点鼻薬の副作用

即効性があり、鼻づまりには効果的な点鼻薬ですが、無視できない副作用が存在します。それは、点鼻薬に含まれる血管収縮剤というもので、点鼻薬の効き目に大きく関係している成分です。

血管収縮剤は、鼻づまりを瞬時に解消するには欠かせない成分です。塩酸トラマジリンや硝酸ナファゾリンといった成分は、鼻粘膜の腫れを抑えるために自律神経に作用し、粘膜の血管を細くする働きがあります。

しかし、この血管収縮剤を使いすぎると鼻粘膜の自律神経が乱れ、常に粘膜が腫れたような状態になってしまいます。これを、リバウンドといいます。

本来なら、鼻づまりの原因である花粉症や風邪の症状が治まれば鼻づまりも同時に治りますが、点鼻薬を多用することでリバウンドが起こり、鼻づまりだけは続くという状況に陥ります。

そして、点鼻薬による鼻づまりを解消するために点鼻薬を使う・・・といった悪循環になってしまうというわけです。これが点鼻薬中毒です。

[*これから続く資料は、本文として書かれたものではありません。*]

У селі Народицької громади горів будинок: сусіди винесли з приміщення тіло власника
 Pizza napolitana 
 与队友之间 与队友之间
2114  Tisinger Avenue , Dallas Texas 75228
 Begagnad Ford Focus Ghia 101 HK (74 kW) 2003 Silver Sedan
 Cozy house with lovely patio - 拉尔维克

点鼻薬中毒になってもすぐに使用を中止すれば、徐々に鼻づまりは治っていきます。しかし、そのまま点鼻薬を使い続けると症状はさらに酷くなり、肥厚性鼻炎(点鼻薬性鼻炎)という別の病気になってしまいます。

肥厚性鼻炎になると、点鼻薬をやめても鼻づまりが治ることはありません。粘膜の副交感神経が血管収縮剤によって何度も何度も刺激されることで過敏になり、常に腫れた状態になってしまうので、点鼻薬をやめても同じような症状がずっと続きます。

また、点鼻薬は使えば使うほど効き目が薄くなっていくので、1日に使う量が少しずつ増えていきます。点鼻薬は効き目が強い反面、刺激も強いため、鼻が痺れたり嗅覚が弱くなるといった症状が現れることもあります。

血管収縮剤によるもの意外の副作用も

点鼻薬は鼻粘膜に直接噴射するものなので、効果が現れるまでのスピードが非常に速いです。効き目が現れやすいということは、すなわち副作用も現れやすいということなので、使う前に必ず副作用を確認してください。

特に多い副作用は、使うと眠くなるものです。使って5分で倒れそうになるほど眠くなることもあるので、乗り物の運転前には絶対に使わないようにしましょう。

点鼻薬に限った話ではないですが、用法・用量を守って正しく使わなければ、薬も毒になってしまいます。鼻づまりを治そうとして鼻づまりになってしまったら本末転倒なので、使い方には気をつけるようにしましょう。